Linear and nonlinear optical responses in the chiral multifold semimetal RhSi

TL;DR

This paper provides a comprehensive theoretical and experimental study of the linear and nonlinear optical responses of the chiral topological semimetal RhSi, revealing key features linked to multifold fermions and proposing conditions for observing quantized CPGE.

Contribution

It introduces a combined theoretical and experimental approach to analyze RhSi's optical responses, highlighting the connection to multifold fermions and conditions for quantized CPGE observation.

Findings

Optical conductivity shows two quasi-linear regimes linked to different multifold fermions.

CPGE exhibits a sign change at 0.4 eV and a large peak at 0.7 eV.

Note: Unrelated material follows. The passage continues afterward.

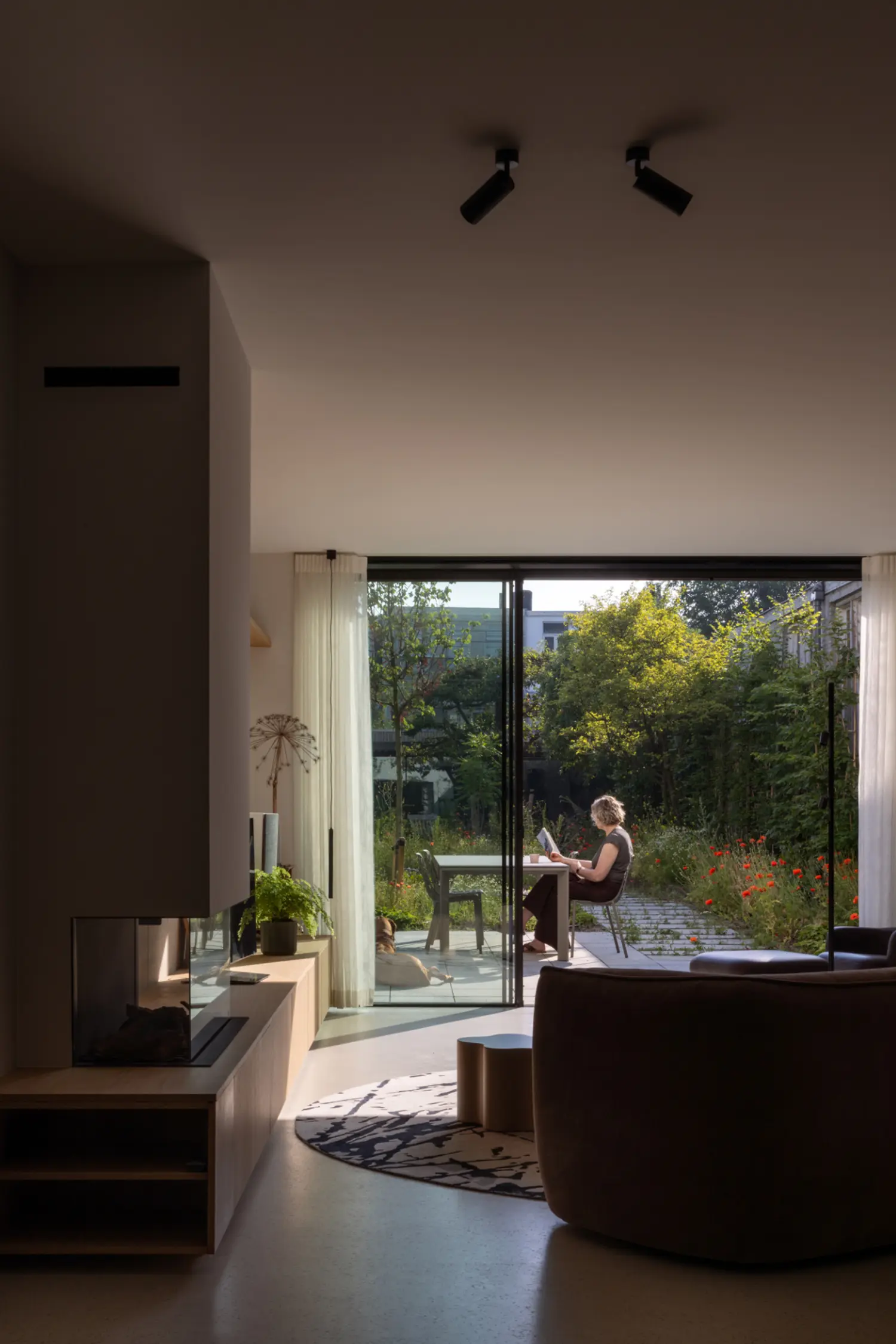 Living room of the renovated Rear House, DP6 architectuurstudio, Delft, with glazed wall framing the garden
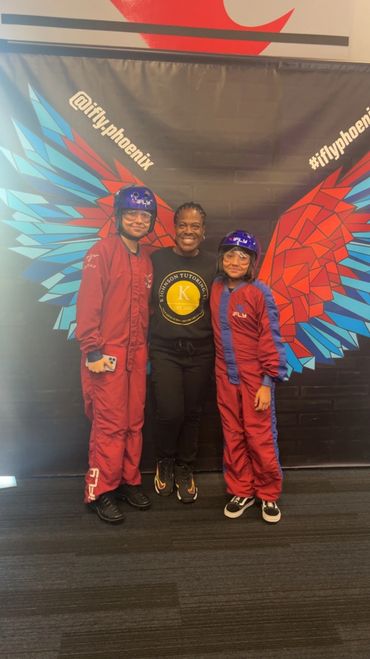 Two students posing with instructor.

Quantized CPGE requires increased chemical potential and quasiparticle lifetime.

Abstract

Chiral topological semimetals are materials that break both inversion and mirror symmetries. They host interesting phenomena such as the quantized circular photogalvanic effect (CPGE) and the chiral magnetic effect. In this work, we report a comprehensive theoretical and experimental analysis of the linear and non-linear optical responses of the chiral topological semimetal RhSi, which is known to host multifold fermions. We show that the characteristic features of the optical conductivity, which display two distinct quasi-linear regimes above and below 0.4 eV, can be linked to excitations of different kinds of multifold fermions. The characteristic features of the CPGE, which displays a sign change at 0.4 eV and a large non-quantized response peak of around 160 $\mu \textrm{A V}^{-2}$ at 0.7 eV, are explained by assuming that the chemical potential crosses a flat hole band at the Brillouin zone center. Our theory predicts that, in order to observe a quantized CPGE in RhSi, it is necessary to increase the chemical potential as well as the quasiparticle lifetime. More broadly our methodology, especially the development of the broadband terahertz emission spectroscopy, could be widely applied to study photo-galvanic effects in noncentrosymmetric materials and in topological insulators in a contact-less way and accelerate the technological development of efficient infrared detectors based on topological semimetals.